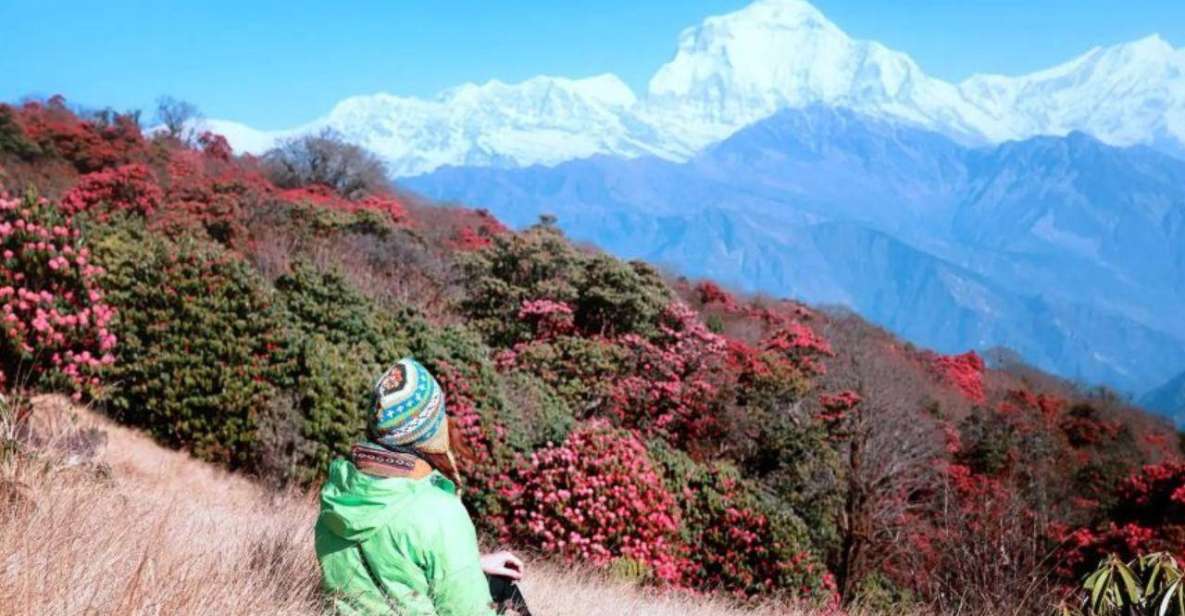 From Kathmandu: 5 Day Poon Hill and Ghandruk Guided Trek - Itinerary Details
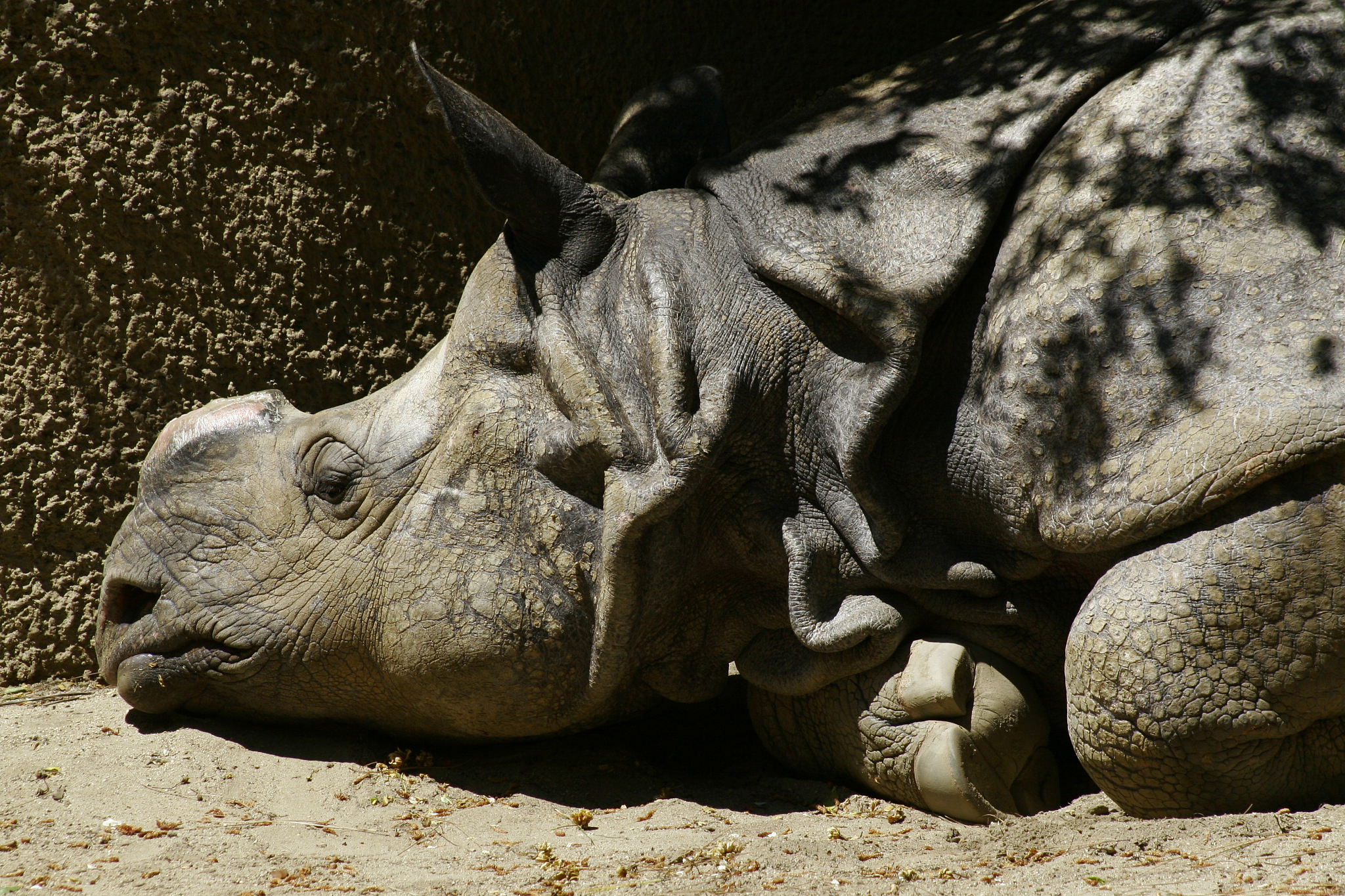 rhino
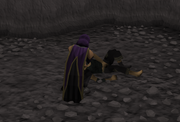 Feeding Cyrisus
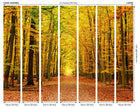 Autumn Forest Spice Mural (Large) by Origin Murals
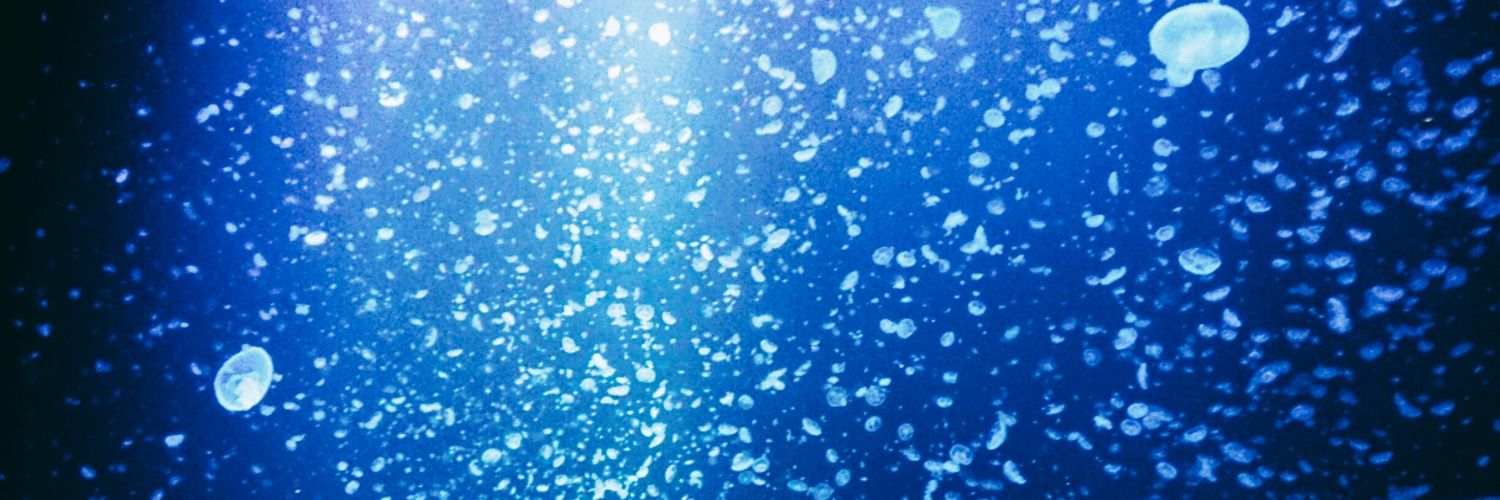 もなか banner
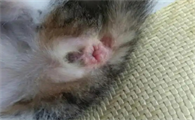 猫咪大便后肛门有血是怎么回事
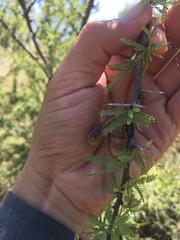 Prosopis torquata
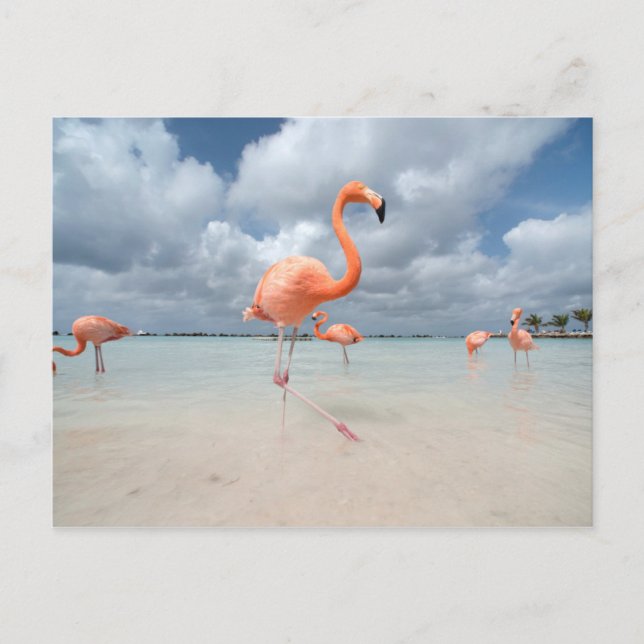 Flamingos Beach Aruba Postcard (Front)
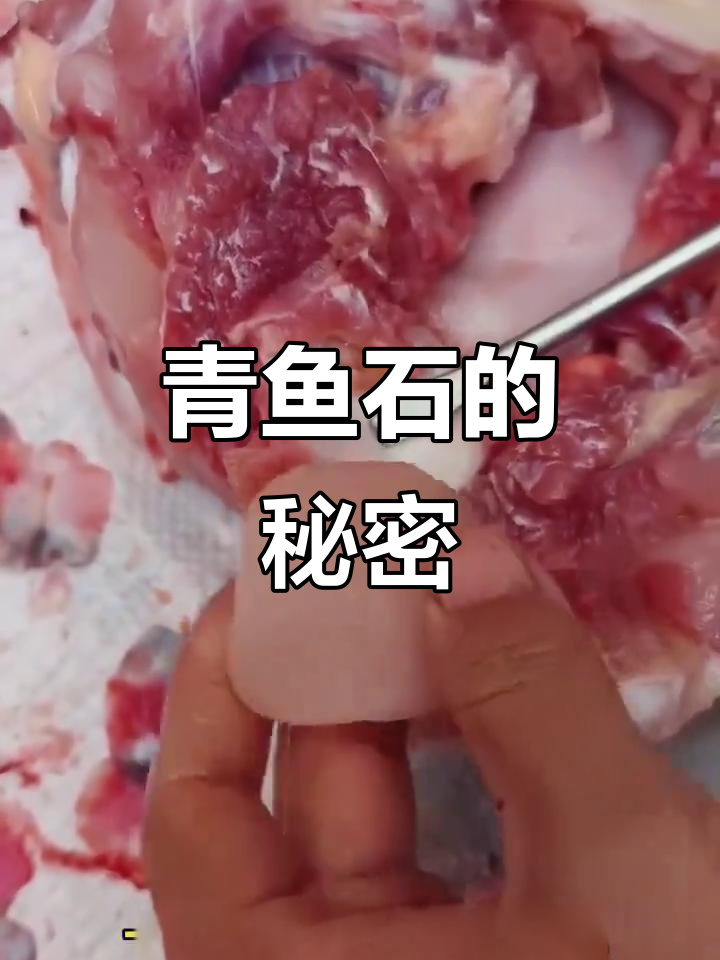 青鱼石藏身何处?雕刻后的美丽让人惊艳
================
● Requirement: With the pictures excluded, retype the records above verbatim.

● Task response:
 From Kathmandu: 5 Day Poon Hill and Ghandruk Guided Trek - Itinerary Details
 rhino
 Feeding Cyrisus
 Autumn Forest Spice Mural (Large) by Origin Murals
 もなか banner
 猫咪大便后肛门有血是怎么回事
 Prosopis torquata
 Flamingos Beach Aruba Postcard (Front)
 青鱼石藏身何处?雕刻后的美丽让人惊艳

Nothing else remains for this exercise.